For this I knew I’d need a dual axis chart using an area chart for one and line chart for the other.

Given there’s a reference line on the axis indicating ‘Today’, I know I needed a continuous date axis, and chose to use the idea of baselining all the dates to the same year, and then filtering the viz just to use the dates in the current month (in this case September).

Date Aligned

//reset all data to pretend all against same year
MAKEDATE(YEAR([Today]),MONTH([Order Date]), DAY([Order Date]))

You can see from above regardless of the year of the actual Order Date, the re-aligned date field, has the same date.

Month To Include

MONTH([Order Date]) = MONTH(TODAY())

adding this to the filter shelf and setting to True filters to just the September dates in the data set.

Area Chart

The area chart is last year’s data. So far I’ve only built a Sales MTD – Last Year field, but plotting this as a running total table calc against Date Aligned (exact date), doesn’t give me what I need….

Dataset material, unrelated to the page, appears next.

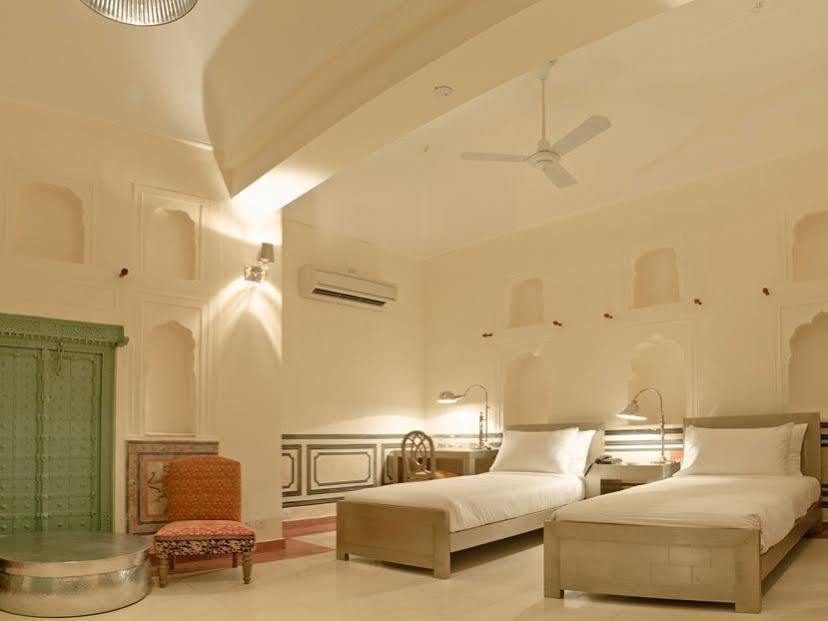 Vivaana Culture Hotel Mandāwa Esterno foto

…as it flattens out after 20 Sept, as that is when I defined the Sales value to stop being counted. I need a Sales field that continues to grow until the end of the month. I also need a Sales field that gives me my running total up to 20 Sept, but then stops.

Sales Full Month Last Year

IF DATETRUNC(‘month’,[Order Date]) = DATETRUNC(‘month’,[Today Last Year]) THEN [Sales] ELSE 0 END

Adding this to the view and changing to use a Running Total quick table calc gives me what I need

Running Sum Sales MTD Last Year

IF ATTR([Date Aligned])<=ATTR([Today]) THEN
RUNNING_SUM(SUM([Sales MTD Last Year])) ELSE NULL END

This is basically only storing the running sum if the date is prior or on today.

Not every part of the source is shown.